No sé cómo se llegó en España a la situación del 9 de noviembre último, pero sé algo derivado de mi propia experiencia. La atmósfera, el ambiente de las ideas, de la cultura, del debate constitucional, en la Cataluña de los años de la transición, era algo único, inspirador, inolvidable. Me acuerdo de conversaciones extraordinarias entre catalanes, madrileños, vascos, andaluces, argentinos, chilenos, ingleses. Todos teníamos la impresión de participar en el proceso y de que las cosas ocurrían en una España diversa y a la vez única. Compartíamos con afecto profundo, con simpatía, la historia catalana, descubríamos su lengua y su literatura, pero al mismo tiempo entendíamos que era parte de una historia conjunta, compartida. Me acuerdo ahora de los regresos extraordinarios de Tarradellas, de Rafael Alberti, de Sánchez Albornoz, de tantos otros.
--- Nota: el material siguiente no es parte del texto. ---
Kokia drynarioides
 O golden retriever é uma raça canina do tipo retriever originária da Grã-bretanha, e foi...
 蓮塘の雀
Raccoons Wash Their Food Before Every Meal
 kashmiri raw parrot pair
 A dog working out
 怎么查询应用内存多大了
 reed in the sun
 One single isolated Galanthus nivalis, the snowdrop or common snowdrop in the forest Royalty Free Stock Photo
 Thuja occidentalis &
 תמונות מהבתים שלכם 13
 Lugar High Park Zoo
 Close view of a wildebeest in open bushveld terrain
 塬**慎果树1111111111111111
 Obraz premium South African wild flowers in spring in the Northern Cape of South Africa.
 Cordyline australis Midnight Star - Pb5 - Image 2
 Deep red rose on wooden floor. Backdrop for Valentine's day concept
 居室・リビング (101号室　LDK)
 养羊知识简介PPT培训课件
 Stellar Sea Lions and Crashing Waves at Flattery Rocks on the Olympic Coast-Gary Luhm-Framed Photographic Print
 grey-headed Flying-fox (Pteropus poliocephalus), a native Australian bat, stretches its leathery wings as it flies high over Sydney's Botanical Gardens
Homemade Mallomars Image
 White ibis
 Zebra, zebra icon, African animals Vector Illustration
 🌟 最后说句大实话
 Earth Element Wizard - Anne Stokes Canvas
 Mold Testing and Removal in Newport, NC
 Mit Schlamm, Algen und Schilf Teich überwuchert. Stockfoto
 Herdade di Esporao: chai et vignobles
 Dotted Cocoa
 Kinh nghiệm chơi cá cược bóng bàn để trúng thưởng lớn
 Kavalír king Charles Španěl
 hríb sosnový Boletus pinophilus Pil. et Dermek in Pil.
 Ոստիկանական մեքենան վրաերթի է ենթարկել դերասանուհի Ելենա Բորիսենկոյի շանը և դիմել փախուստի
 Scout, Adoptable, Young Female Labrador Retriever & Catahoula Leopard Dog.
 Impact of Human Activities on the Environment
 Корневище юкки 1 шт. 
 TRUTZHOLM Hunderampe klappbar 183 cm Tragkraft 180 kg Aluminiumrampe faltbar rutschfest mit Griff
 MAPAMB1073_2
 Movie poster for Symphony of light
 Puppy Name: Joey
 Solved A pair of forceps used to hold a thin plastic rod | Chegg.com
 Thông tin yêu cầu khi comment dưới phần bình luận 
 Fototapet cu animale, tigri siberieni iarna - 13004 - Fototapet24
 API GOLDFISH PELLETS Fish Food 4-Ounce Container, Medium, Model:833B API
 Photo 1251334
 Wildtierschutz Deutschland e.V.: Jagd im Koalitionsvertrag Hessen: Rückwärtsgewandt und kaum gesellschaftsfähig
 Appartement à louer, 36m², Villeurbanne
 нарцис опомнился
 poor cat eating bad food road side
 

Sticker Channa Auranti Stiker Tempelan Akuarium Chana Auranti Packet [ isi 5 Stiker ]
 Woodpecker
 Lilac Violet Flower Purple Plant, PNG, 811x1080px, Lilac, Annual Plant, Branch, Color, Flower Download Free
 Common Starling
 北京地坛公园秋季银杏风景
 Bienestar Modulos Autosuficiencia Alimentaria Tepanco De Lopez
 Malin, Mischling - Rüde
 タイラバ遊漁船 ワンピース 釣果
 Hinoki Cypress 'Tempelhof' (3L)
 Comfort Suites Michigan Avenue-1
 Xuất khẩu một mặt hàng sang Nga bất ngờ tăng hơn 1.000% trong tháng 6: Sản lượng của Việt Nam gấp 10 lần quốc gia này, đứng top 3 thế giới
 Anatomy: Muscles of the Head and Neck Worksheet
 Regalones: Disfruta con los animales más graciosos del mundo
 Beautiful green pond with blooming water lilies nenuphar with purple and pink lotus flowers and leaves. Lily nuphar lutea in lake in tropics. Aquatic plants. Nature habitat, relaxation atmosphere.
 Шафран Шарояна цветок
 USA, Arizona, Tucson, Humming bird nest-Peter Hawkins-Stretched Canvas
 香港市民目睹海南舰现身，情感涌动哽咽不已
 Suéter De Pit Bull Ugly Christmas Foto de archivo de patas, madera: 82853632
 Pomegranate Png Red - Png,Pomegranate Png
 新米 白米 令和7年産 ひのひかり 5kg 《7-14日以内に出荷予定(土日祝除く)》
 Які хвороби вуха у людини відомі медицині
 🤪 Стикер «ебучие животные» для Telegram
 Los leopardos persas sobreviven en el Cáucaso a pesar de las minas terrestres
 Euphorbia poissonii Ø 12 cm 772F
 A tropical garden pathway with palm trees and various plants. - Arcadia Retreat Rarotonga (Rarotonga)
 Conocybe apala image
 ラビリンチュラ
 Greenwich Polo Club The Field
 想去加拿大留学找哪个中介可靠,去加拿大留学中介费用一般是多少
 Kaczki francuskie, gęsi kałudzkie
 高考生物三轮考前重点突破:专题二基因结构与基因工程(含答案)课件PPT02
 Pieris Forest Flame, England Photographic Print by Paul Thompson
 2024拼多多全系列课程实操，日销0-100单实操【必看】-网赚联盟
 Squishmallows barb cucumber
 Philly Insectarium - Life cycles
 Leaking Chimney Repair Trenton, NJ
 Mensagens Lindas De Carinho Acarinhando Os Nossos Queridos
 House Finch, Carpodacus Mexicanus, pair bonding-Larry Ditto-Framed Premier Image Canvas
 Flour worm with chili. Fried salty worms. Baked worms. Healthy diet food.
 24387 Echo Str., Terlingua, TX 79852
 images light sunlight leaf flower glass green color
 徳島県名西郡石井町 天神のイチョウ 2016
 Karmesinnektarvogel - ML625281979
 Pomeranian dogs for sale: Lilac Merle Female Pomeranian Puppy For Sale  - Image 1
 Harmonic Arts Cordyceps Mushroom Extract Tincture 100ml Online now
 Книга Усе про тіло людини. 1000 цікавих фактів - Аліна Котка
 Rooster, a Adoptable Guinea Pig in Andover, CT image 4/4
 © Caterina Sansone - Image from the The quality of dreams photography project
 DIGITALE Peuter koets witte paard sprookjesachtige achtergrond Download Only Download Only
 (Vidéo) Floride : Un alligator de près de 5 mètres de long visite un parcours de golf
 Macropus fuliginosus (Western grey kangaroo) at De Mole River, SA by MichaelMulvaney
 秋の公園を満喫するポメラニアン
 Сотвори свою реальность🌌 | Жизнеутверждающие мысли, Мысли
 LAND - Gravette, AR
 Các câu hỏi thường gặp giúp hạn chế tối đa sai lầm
Y de las resurrecciones de artistas como Luis Buñuel, como Pablo Picasso y Joan Miró, como Salvador Dalí. Nadie pensaba que para celebrar a Buñuel o a Dalí fuera necesario separarse de Gutiérrez Solana. Había una atmósfera compartida y que se reforzaba mutuamente. En el pensamiento político no era diferente. A mí, en lo personal, los antagonismos de ahora, con su vertiente localista, provinciana, con su deseo de usar el idioma como un garrote y no como un puente, no me convencen para nada. ¿Qué sucedería, por ejemplo, si don Quijote de la Mancha, el Caballero de la Triste Figura, en la salida de la segunda parte, no consiguiera llegar hasta Barcelona sin pasar por aduanas y detenerse en la playa, de noche, frente a los barcos que habían luchado en Lepanto? Pero había, en la jornada electoral del domingo pasado, unas alegrías y unos aplausos, unos signos de triunfo, que no me parecieron del todo convincentes. ¿Estaba obligado un americano del sur a solidarizar, o más bien, bajo las enseñanzas de su propia historia, a discrepar? Dejo la pregunta en el aire y me dispongo a doblar la página lo más pronto que sea posible.